Der Europäische Gesetzgeber prüft derzeit, ob und in welchem Umfang die bestehenden Verpflichtungen zur Herkunftskennzeichnung erweitert werden sollten, ein Hinweis darauf, dass die derzeitigen Regelungen als unzureichend erkannt werden. Die Kennzeichnung von Pfirsichen im Supermarkt erfüllt zwar formale Anforderungen, lässt aber zentrale Fragen zur tatsächlichen Herkunft, zum Transportweg und zu den Produktionsbedingungen unbeantwortet.
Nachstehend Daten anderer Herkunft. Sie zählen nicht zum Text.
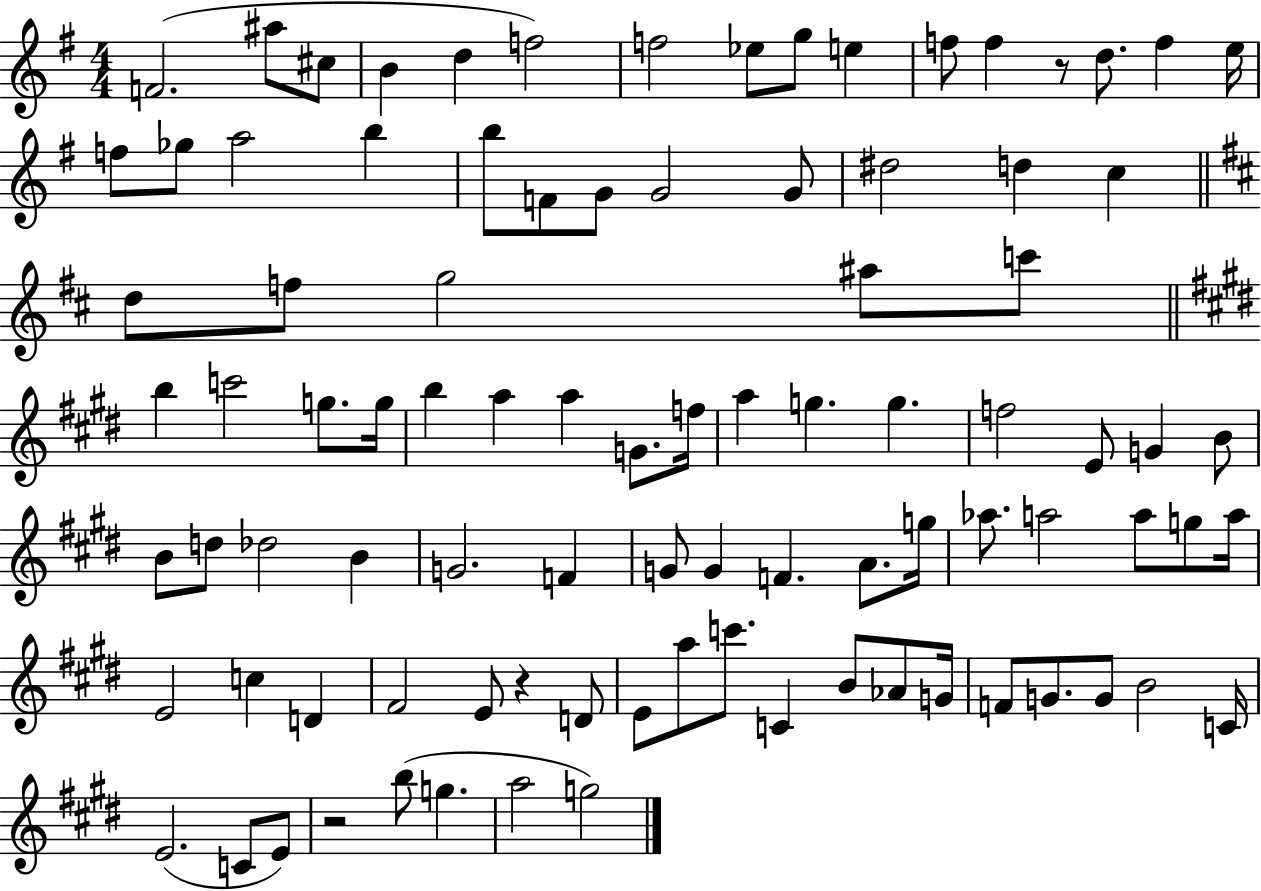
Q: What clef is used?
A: treble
Verbraucher, die wirklich nachvollziehen möchten, woher ihr Obst stammt, sind auf zusätzliche Recherche, kritisches Nachfragen und ein gesundes Misstrauen gegenüber zu allgemeinen Angaben angewiesen. Eine Verschärfung der Kennzeichnungspflichten im Sinne echter Transparenz bleibt ein dringendes Anliegen des Verbraucherschutzes, das hoffentlich in naher Zukunft mehr Beachtung findet.